Histoire du PSU (1960-1989) !
QUAND LA GAUCHE SE REINVENTAIT, LE PSU, HISTOIRE D'UN PARTI VISIONNAIRE (1960-1989), Edition La Découverte, 2016.
1°)-Introduction 20 avril 2023 : je poursuis avec intérêt ma lecture du livre de mémoires rédigé par le philosophe Alain Badiou : “Mémoires d’outre-Politique”, édition Flammarion, 2023. Je vous ai dis tout le bien que je pense de cet ouvrage. Son style magnifique. Je vous ai déjà parlé de l’incroyable énergie, temps et espoir déployés par le jeune Alain Badiou, alors professeur de philosophie dans un lycée bourgeois de Reims, pour construire de toute pièce une fédération PSU de la Marne, dont il est Secrétaire fédéral : 1963-1969. C’est à dire un cadre intermédiaire du PSU aux épaules solides, ne gagnant évidemment pas un seul centime. Peut être un futur maire de Reims, ce qui n’est pas rien.
En revanche et à la réflexion, il me semble que son livre a un peu tendance à mettre la SFIO et le PSU sur le même plan : la social-démocratie (plus ou moins honnête) et le capitalo-parlementarisme : être maire ou député sinon rien.
Que l’on me permettre, pour une fois, de ne pas être tout à fait d’accord avec l’analyse de Alain Badiou.

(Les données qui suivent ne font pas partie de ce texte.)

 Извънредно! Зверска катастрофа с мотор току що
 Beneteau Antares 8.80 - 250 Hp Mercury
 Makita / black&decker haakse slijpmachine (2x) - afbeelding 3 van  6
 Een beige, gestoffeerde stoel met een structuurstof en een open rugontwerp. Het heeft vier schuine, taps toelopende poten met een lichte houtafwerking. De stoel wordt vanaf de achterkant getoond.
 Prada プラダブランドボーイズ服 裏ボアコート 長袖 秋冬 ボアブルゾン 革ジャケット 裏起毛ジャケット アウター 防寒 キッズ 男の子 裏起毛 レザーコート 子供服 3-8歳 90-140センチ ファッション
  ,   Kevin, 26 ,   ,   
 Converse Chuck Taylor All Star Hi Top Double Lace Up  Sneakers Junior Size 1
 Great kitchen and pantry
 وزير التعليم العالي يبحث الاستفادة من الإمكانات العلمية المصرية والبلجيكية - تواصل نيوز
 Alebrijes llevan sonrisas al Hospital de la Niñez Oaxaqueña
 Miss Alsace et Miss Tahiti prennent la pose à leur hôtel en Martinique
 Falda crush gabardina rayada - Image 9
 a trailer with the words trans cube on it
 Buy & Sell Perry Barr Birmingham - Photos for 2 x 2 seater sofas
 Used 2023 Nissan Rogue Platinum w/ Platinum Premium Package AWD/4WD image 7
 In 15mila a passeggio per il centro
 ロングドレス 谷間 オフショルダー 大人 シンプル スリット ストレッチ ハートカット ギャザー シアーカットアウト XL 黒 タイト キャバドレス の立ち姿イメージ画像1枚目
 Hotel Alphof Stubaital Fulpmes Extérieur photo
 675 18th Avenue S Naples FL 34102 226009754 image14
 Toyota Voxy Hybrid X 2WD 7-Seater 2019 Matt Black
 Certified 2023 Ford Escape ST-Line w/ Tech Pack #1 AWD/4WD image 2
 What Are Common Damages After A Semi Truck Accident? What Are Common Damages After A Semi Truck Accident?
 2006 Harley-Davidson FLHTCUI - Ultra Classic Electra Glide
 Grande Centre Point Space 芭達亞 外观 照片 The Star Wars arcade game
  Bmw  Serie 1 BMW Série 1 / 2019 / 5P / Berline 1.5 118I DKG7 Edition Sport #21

Mon bilan personnel du PSU, où j’ai milité dix ans, est que le PSU était très différent de la SFIO/PS. Mais pour le vérifier, il importe de se reporter aux stratégies nationales du PSU, peu abordées dans son livre : et je le regrette.
Voilà pourquoi je ressors et poste mon analyse du très bel ouvrage d’histoire sur l’histoire du PSU rédigé par Bernard Ravenel intitulé : “QUAND LA GAUCHE SE REINVENTAIT, LE PSU, HISTOIRE D'UN PARTI VISIONNAIRE (1960-1989), Edition La Découverte, 2016”.
Ravenel est un acteur de premier plan du PSU. Il fut tout à la fois Responsable des questions internationales pendant plus de dix ans. Et membre du Bureau National du PSU. Celui-ci va être le théâtre on va le voir de nombreux psychodrames, comme le départ précipité de Rocard en 1974. Comme il me l’a écrit, -je lui avais alors envoyé ce compte rendu publié sur mon blog Médiapart l’été 2019- : “le PSU, pour moi, c’est toute ma vie”(sic). C’est donc un historien qui parle avec empathie du PSU, ce qui est très rare.
Donc, Bernard Ravenel restitue un manque, que l’on peut ressentir à la lecture des souvenirs du PSU rédigés par le philosophe Alain Badiou. Notamment lorsqu’il pointe le rôle capital du PSU pendant les évènements de Mai 68. Les Renseignements généraux de cette époque écrivent : “le PSU est le chef d'orchestre des évènements de Mai 68"(sic). Naturellement, on ne peut pas dire la même chose de la vieille SFIO ou bine sûr de la FGDS du politicard mitterrand.
2°)- Brigitte Bouzonnie : Ce livre comble un manque sérieux. On ne possédait pas d'histoire exaustive de la stratégie nationale du PSU, année par année. Rien que des études partielles : "les idées du PSU", "Le PSU et les femmes", "Le PSU et le nucléaire", etc. Le travail minutieux, la dentelle de la mémoire effectuée par Bernard Ravenel, nous racontant, année par année, le pilotage plus ou moins maladroit du PSU, est donc particulièrement précieux. Irremplaçable. Qui plus est, raconté par un acteur de premier plan du PSU, puisque Ravenel fut tout à la fois Responsable des questions internationales pendant plus de dix ans. Et membre du Bureau National du PSU.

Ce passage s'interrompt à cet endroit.